One of the nicest things about living in Southern California is the endless, year-round bounty of mouthwatering, local produce. This week my CSA box came with peaches and something called a black sapote, all of which were picked the day before from a local farm.
I’m from Washington, D.C. originally, so enjoying a fresh, locally grown, tropical fruit at the beginning of winter is nothing short of awesome to me.
I had never had a black sapote before, so I didn’t know what to expect. They were green when I got them, and took about a week to ripen. A sapote can feel hard one day, and be soft and ready to use the next; therefore it should be carefully watched.
You know it is ready when its skin turns dull olive green and breaks in small grainy pieces, and the flesh turns black and soft: In other words, when it looks like it’s ready to be thrown out, that’s when you slice the sapote open and eat it with a spoon.
Sometimes called the “chocolate pudding” fruit, the taste and flavor of black sapote is indeed uncannily like chocolate pudding. But make no mistake, this is fruit.

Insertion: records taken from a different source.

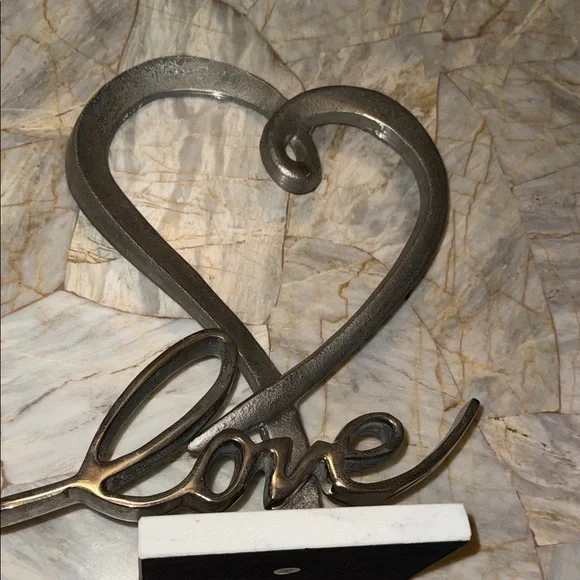 Silver Heart Wall Decor with 'Love'‎ Inscription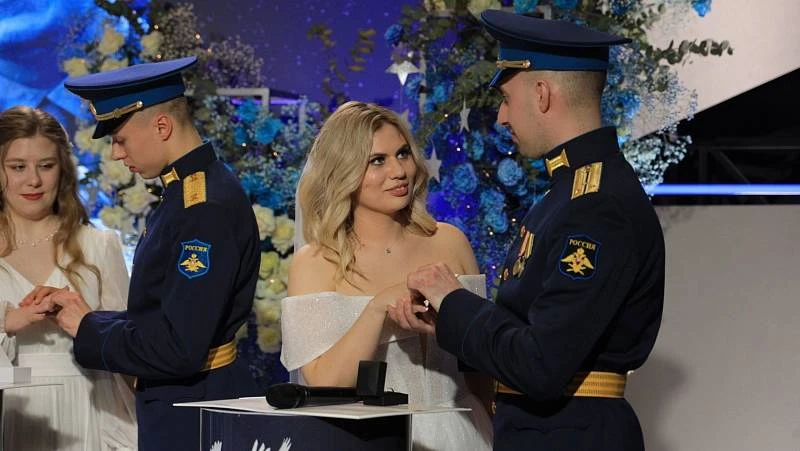 "Bitter!" at VDNH: Arkhangelsk couple had a "space" wedding at the RUSSIA EXPO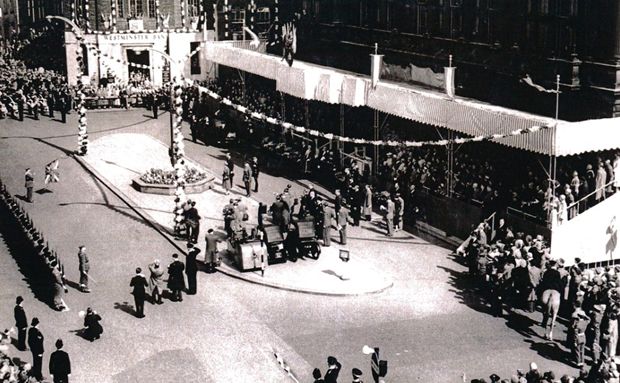 Look at photographs of previous visits by the Queen to Blackburn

Sapote tastes like fruit that tastes like chocolate pudding—delicious and just a little strange.
Sapotes are related to persimmons, and contain a fair amount of vitamin A. They are a good source of vitamin C, have a relatively high amount of potassium, and small amounts of other vitamins and minerals.

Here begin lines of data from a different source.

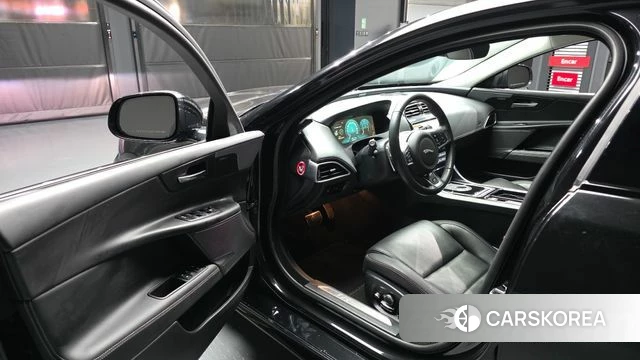 Jaguar XE id 3813932 из Кореи 20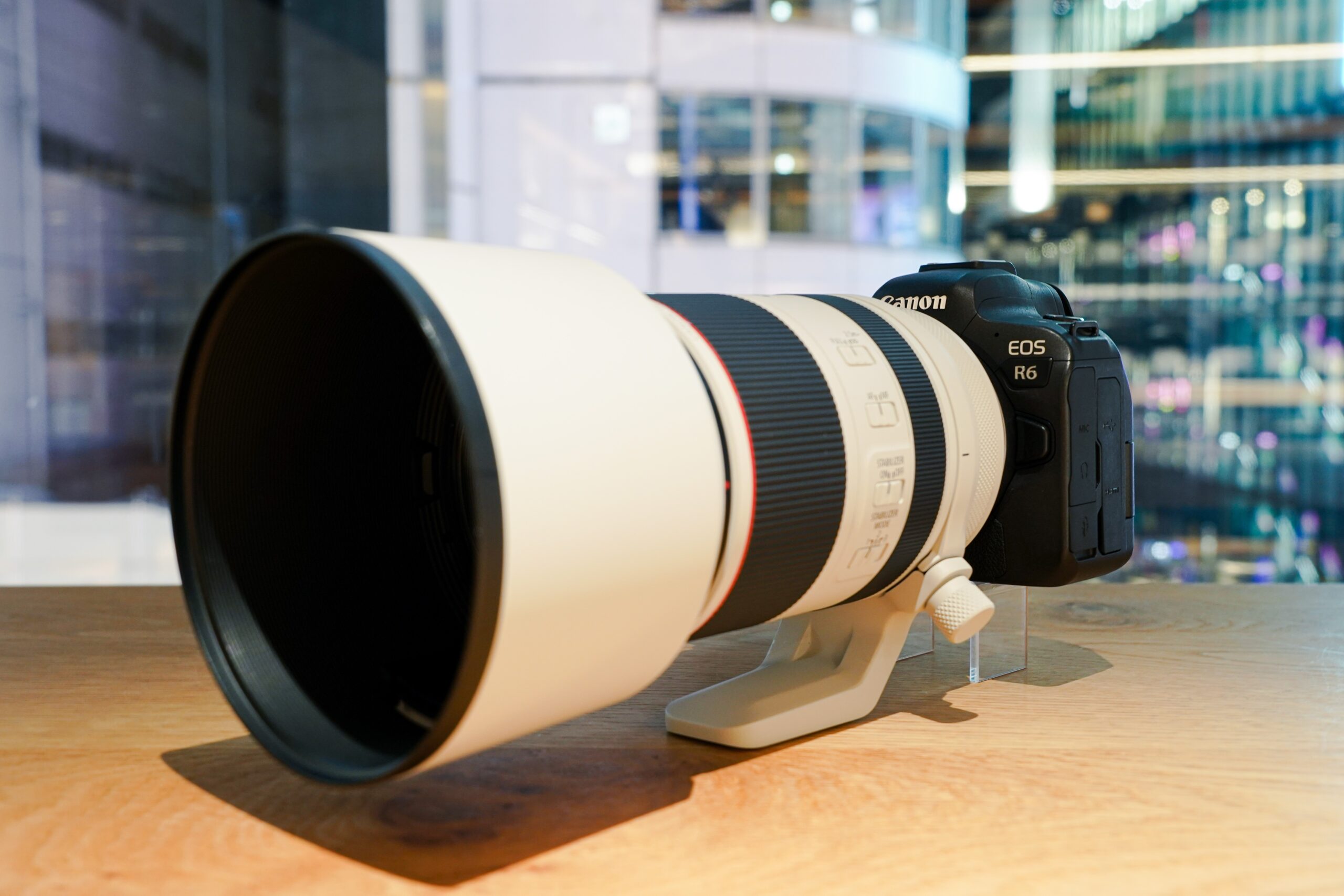 ボディ：Canon EOS R6　レンズ：RF70-200mm F2.8L IS USM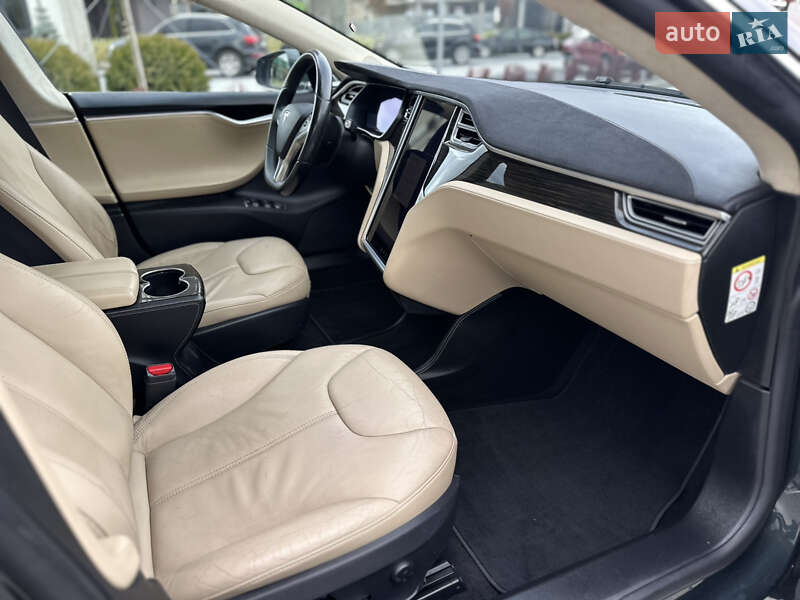 Лифтбек Tesla Model S 2014 в Львове фото 11 Лифтбек Tesla Model S 2014 в Львове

To prepare a black sapote, cut it into 4 to 6 wedges cutting from blossom end towards stem. With spoon, gently scoop out pulp, discarding seeds. The pulp tends to break up easily, and can be used immediately or frozen.
It makes a great substitute for bananas in your favorite smoothie or banana bread recipe. Here are two other sapote recipes to help you enjoy this unusual fruit.
- 3 to 4 ripe black sapotes (sapotes must be very soft; an unripe sapote is inedible)
- ¼ to ½ cup light honey, to taste
- 1 tsp. grated orange rind
- 2 cups orange juice
- 2 Tbsps. finely shredded orange rind
- Remove stems from sapotes.
- Pull off green skin with your fingers. You now have a dark brown, thick pulp.
- Inside are hidden almond-shaped seeds. Remove these with your fingers.
- In food processor, combine sapote pulp, honey, orange rind, and orange juice. Pulse until mixed well.
- Chill. Mixture should be shiny black-brown.
- Garnish with a few fine shreds of orange rind on each serving.
- Dulce de Sapote Negro can also be frozen as a sherbet.
- Mixture for Dulce de Sapote Negro
- orange slices
- orange juice
- pure water
- Using the mixture for Dulce de Sapote Negro, add enough orange juice and water (to taste) to bring to beverage consistency.
- Chill thoroughly. Serve on ice in chilled tall glasses.
- Garnish with an orange slice on the rim of each glass.